## TASK
The lines below starting at the line containing "o Including a statement" and ending at the line containing "time/date stamp)" are to be repeated exactly, with both ends kept and nothing else added.

+++ DATA LISTING

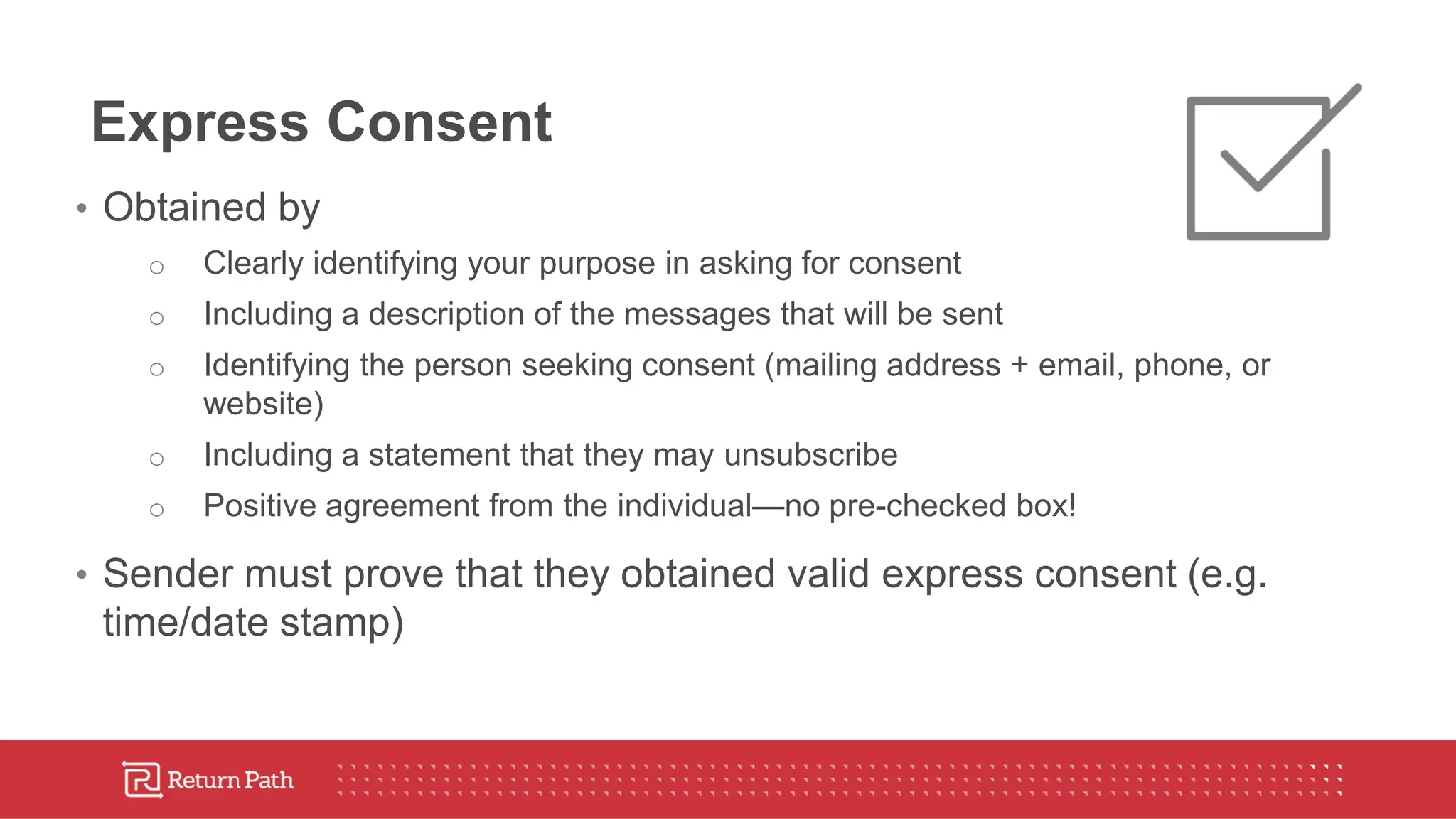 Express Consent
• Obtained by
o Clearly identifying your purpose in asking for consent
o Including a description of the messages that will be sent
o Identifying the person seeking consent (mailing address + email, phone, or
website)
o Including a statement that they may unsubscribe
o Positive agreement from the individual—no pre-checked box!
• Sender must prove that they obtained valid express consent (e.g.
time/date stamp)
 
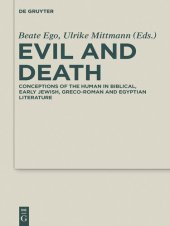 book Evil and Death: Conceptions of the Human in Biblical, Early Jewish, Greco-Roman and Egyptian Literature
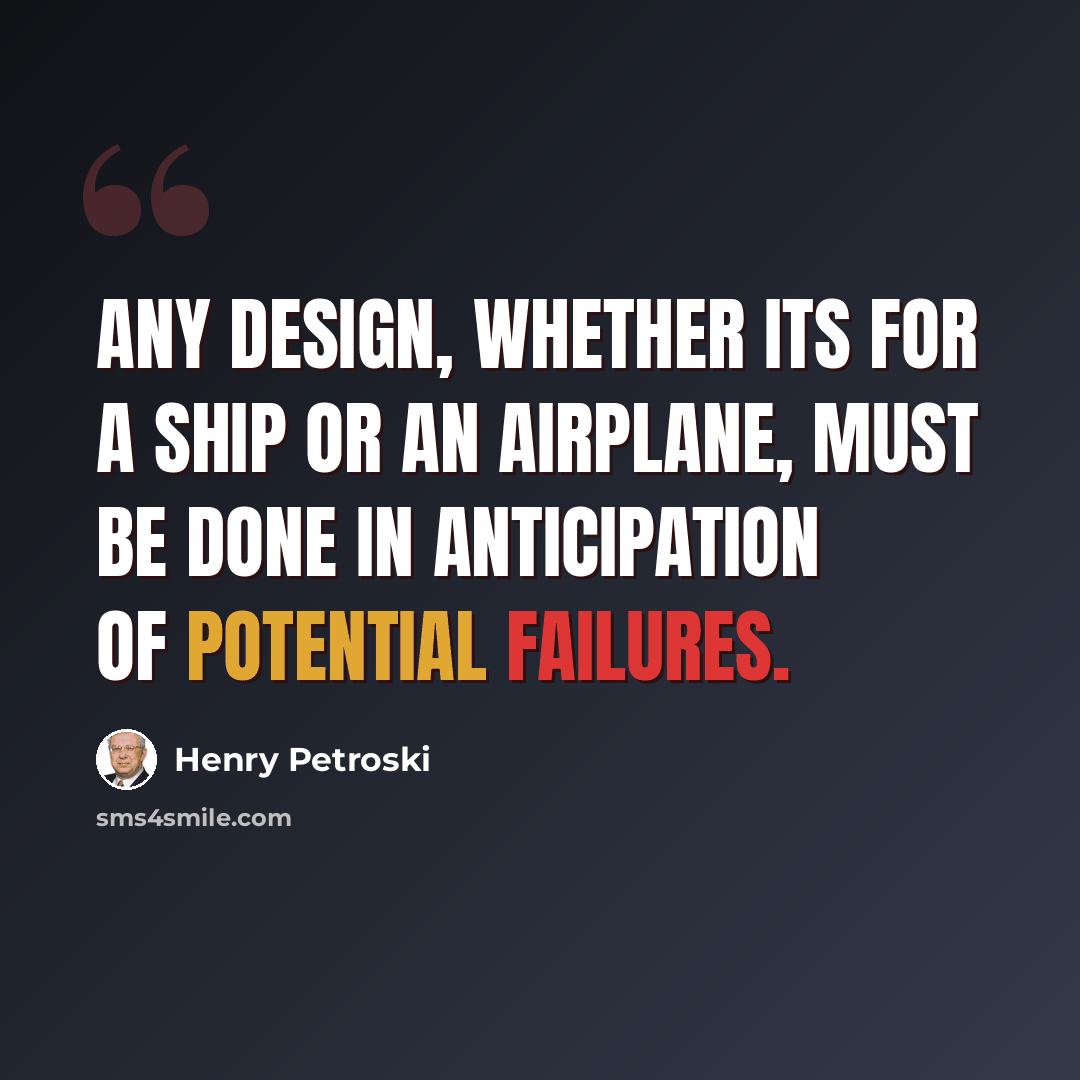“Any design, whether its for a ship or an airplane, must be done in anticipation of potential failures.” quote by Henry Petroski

++++++

## FINISHED EXERCISE
o Including a statement that they may unsubscribe
o Positive agreement from the individual—no pre-checked box!
• Sender must prove that they obtained valid express consent (e.g.
time/date stamp)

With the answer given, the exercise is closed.